What is required:
Would you output the listing exactly, with every image omitted?

===== Dataset excerpts =====

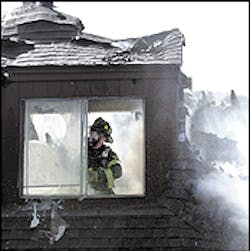 A Norwood firefighter battles a two-alarm blaze inside a Normandy Drive apartment complex yesterday. A Norwood firefighter battles a two-alarm blaze inside a Normandy Drive apartment complex yesterday.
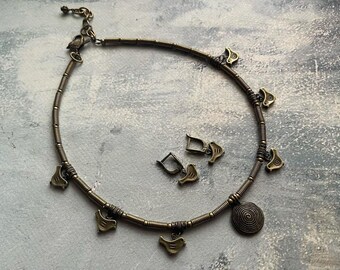 May include: A gold-toned necklace with a spiral charm and multiple bird charms. Matching earrings are also included.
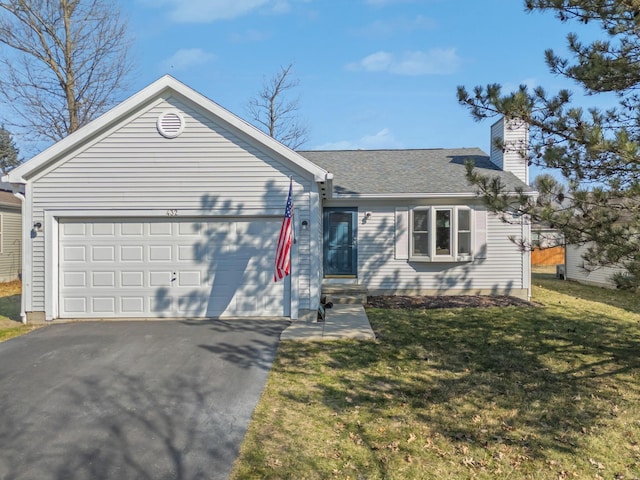 ranch-style home featuring a front yard, an attached garage, a shingled roof, a chimney, and aphalt driveway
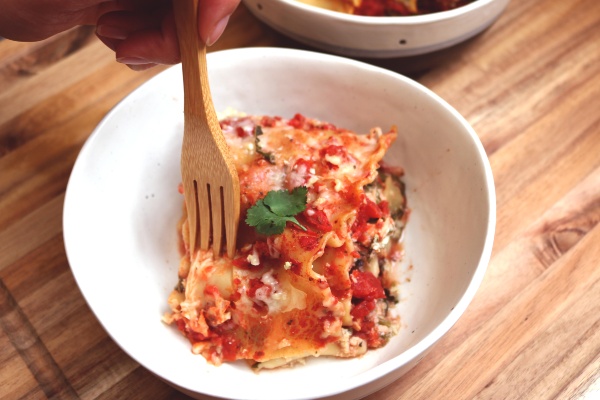 Square of Veggie Lasagna sits in a white bowl as a wooden fork pierces the corner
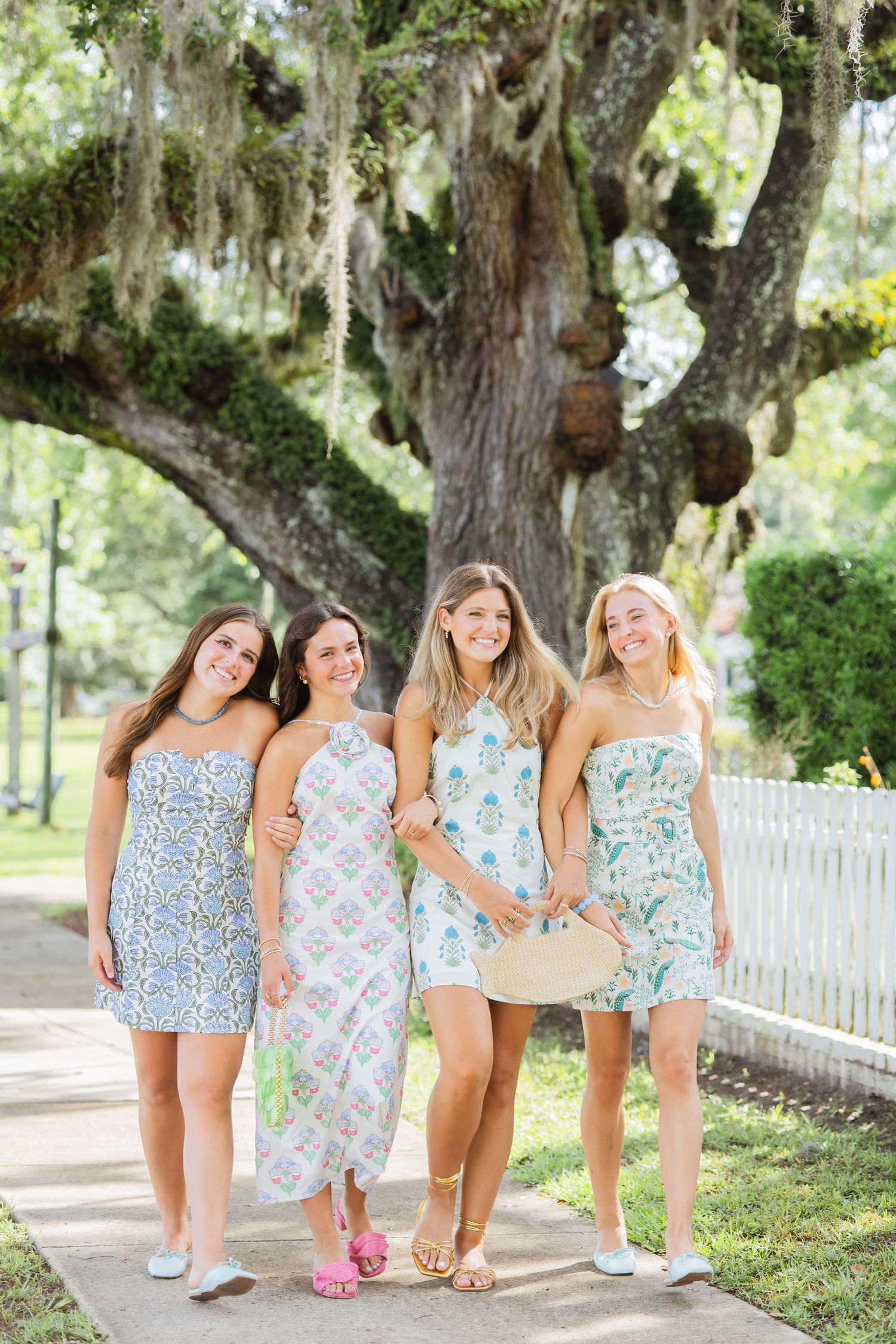 Four smiling women in pastel summer dresses walking together under a large oak tree.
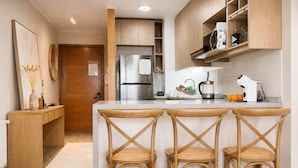 A kitchen with a central island, wooden chairs, a refrigerator, and a microwave. - kery’s sweet home in valle nevado (Lo Barnechea)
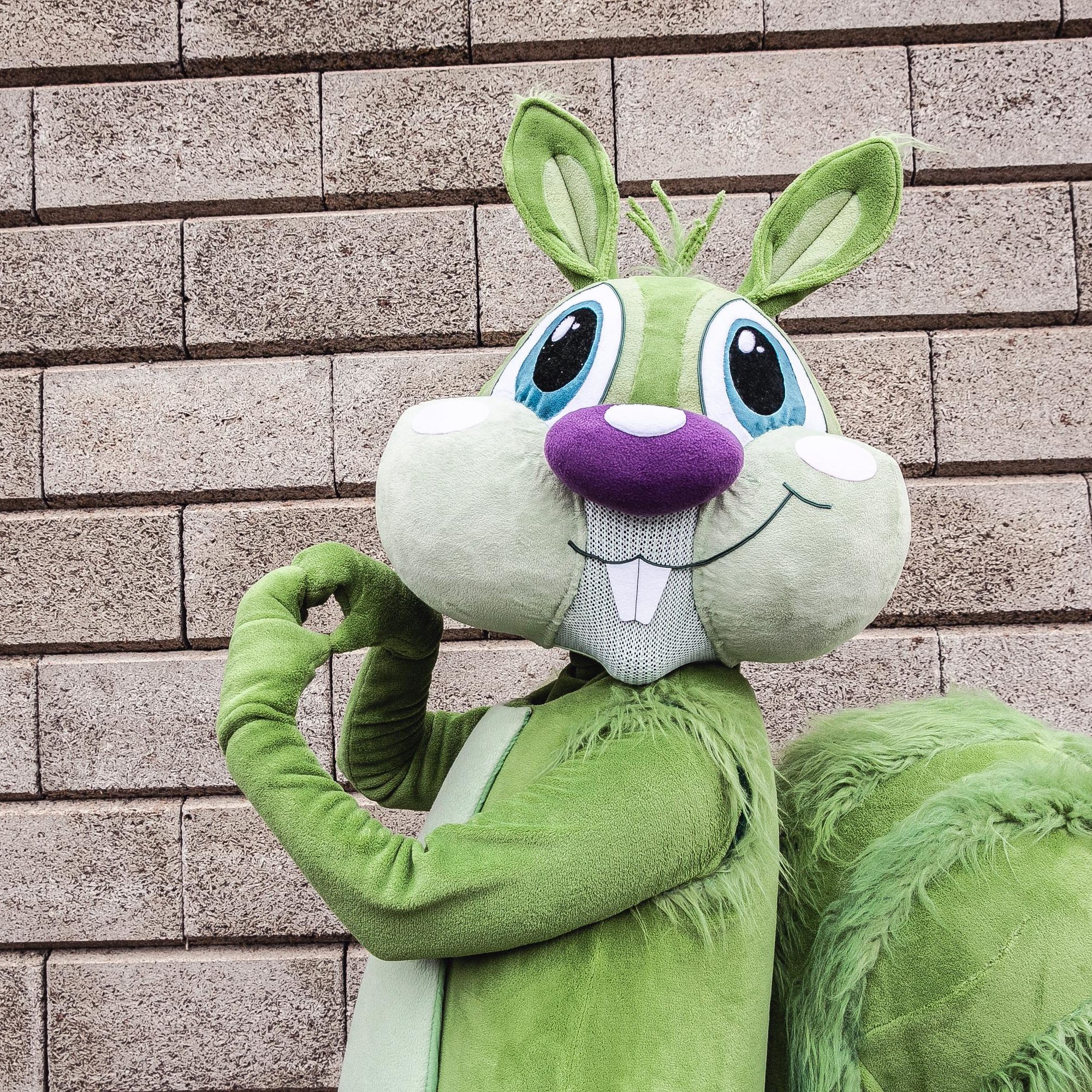 Portrait des Holding Graz-Maskottchens "Hansi" in Form eines grünen Eichhörnchens.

=====

Result:
 A Norwood firefighter battles a two-alarm blaze inside a Normandy Drive apartment complex yesterday. A Norwood firefighter battles a two-alarm blaze inside a Normandy Drive apartment complex yesterday.
 May include: A gold-toned necklace with a spiral charm and multiple bird charms. Matching earrings are also included.
 ranch-style home featuring a front yard, an attached garage, a shingled roof, a chimney, and aphalt driveway
 Square of Veggie Lasagna sits in a white bowl as a wooden fork pierces the corner
 Four smiling women in pastel summer dresses walking together under a large oak tree.
 A kitchen with a central island, wooden chairs, a refrigerator, and a microwave. - kery’s sweet home in valle nevado (Lo Barnechea)
 Portrait des Holding Graz-Maskottchens "Hansi" in Form eines grünen Eichhörnchens.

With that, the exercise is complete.